Data segment:
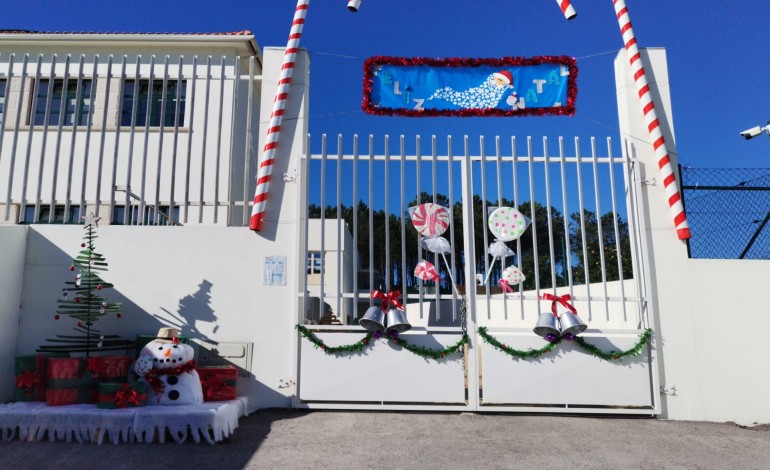 Aldeia de Natal foi à escola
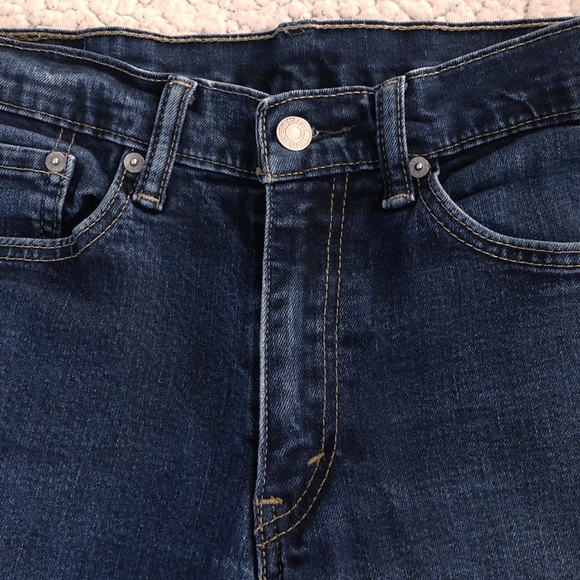 Levi’s Women’s Medium Wash Straight Leg Blue Jeans - Picture 5 of 5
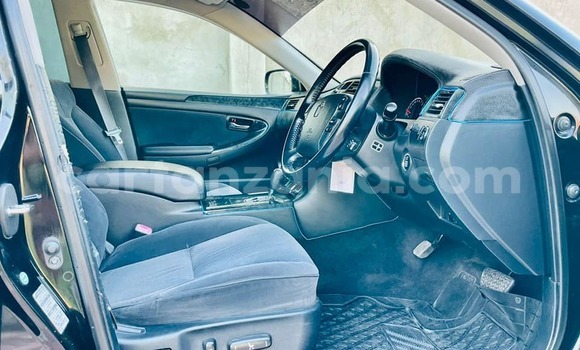 Nunua Ilio tumika Toyota Crown Nyeusi Gari ndani ya Bariadi nchini Simiyu Nunua Ilio tumika Toyota Crown Nyeusi Gari ndani ya Bariadi nchini Simiyu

Instructions to follow: Repeat the listing in full and exactly. Leave any pictures out.

Solution to this task:
 Aldeia de Natal foi à escola
 Levi’s Women’s Medium Wash Straight Leg Blue Jeans - Picture 5 of 5
 Nunua Ilio tumika Toyota Crown Nyeusi Gari ndani ya Bariadi nchini Simiyu Nunua Ilio tumika Toyota Crown Nyeusi Gari ndani ya Bariadi nchini Simiyu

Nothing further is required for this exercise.